Vorgeschichtliche Knochengeräte sind meistens kleiner als die Hirschhorngeräte (s. Hirschhorn) und kamen da zur Verwendung, wo die Festigkeit des Hirschhorns nicht ausreichte, z. B. bei längern Meißeln, Messern, Harpunen, dünnen Pfriemen und Nadeln. Größere Stücke sind die sogen. Schlittknochen, Beinknochen oder Rippen von Pferd und Rind, die, unter die Füße gebunden, als Schlittschuhe oder Schneeschuhe dienten.
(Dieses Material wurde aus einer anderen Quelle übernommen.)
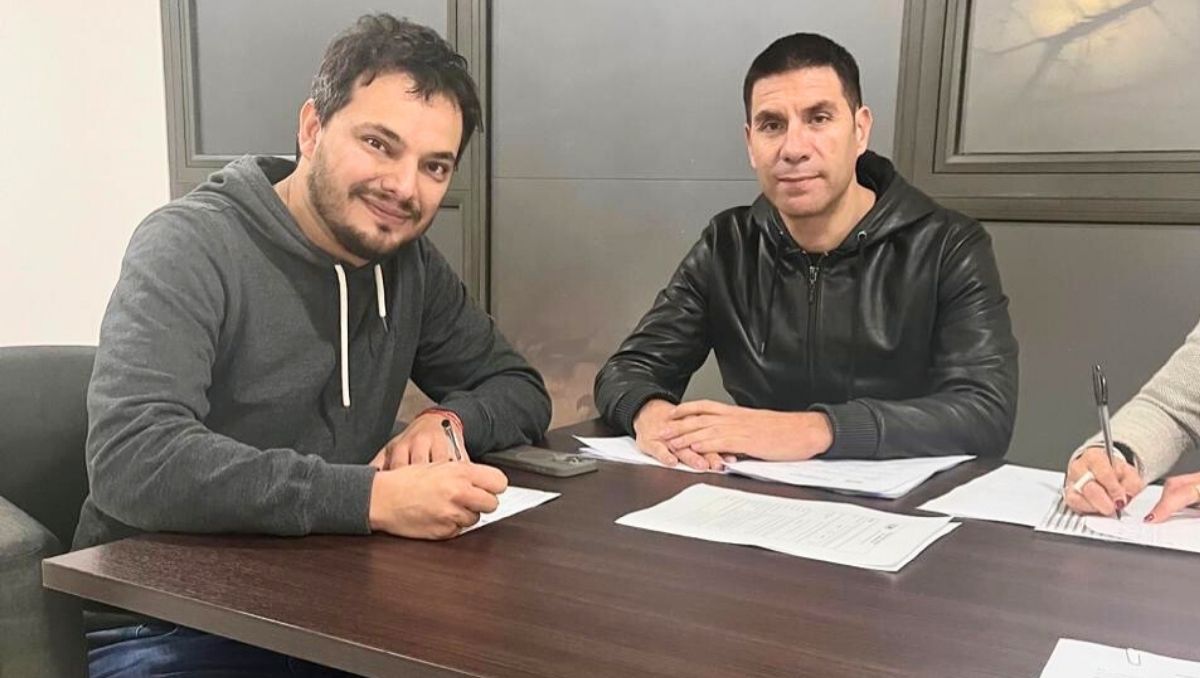 Álvaro Martínez se afilió a La Libertad Avanza antes de firmar su candidatura. En la imagen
Bei der Weberei fanden Eberhauer und andre K. zum Glätten des Gewebes Anwendung. Weberschiffchen und Webnadeln, Instrumente zum Netzstricken etc. wurden ebenfalls häufig aus K. hergestellt. – Auch bei den heutigen Naturvölkern ist die Verwendung von K. zu Waffen und Geräten recht mannigfaltig, besonders dort, wo Metalle fehlen, also in Amerika und dem Stillen Ozean. Für Neuguinea geradezu charakteristisch ist der Dolch aus dem Oberschenkelknochen des Kasuars, der gleicherweise auch als Speerschuh verwendet wird. In einzelnen Fällen werden auch menschliche Oberarmknochen zum gleichen Zwecke verwendet. Rippen verschiedener Tiere, Unterkiefer von Menschen, Vogelschnäbel und andre tierische Bestandteile dienen dann ferner auch zum Schmuck, brettartig bearbeitete Pottwalknochen in Mikronesien als Webebrett. Der Penisknochen des Walrosses wurde in vorgeschichtlicher Zeit und wird auch noch jetzt gern als Keule benutzt. Zu Meißeln, Bohrern, Brechern, Speer- und Harpunenspitzen, Pfriemen und Nadeln, Messern, Löffeln u. dgl. werden bei den genannten Naturvölkern und auch den Hyperboreern K. fast genau in demselben Maße benutzt wie in vorgeschichtlicher Zeit.

Quelle:
Meyers Großes Konversations-Lexikon, Band 11. Leipzig 1907, S. 177-178.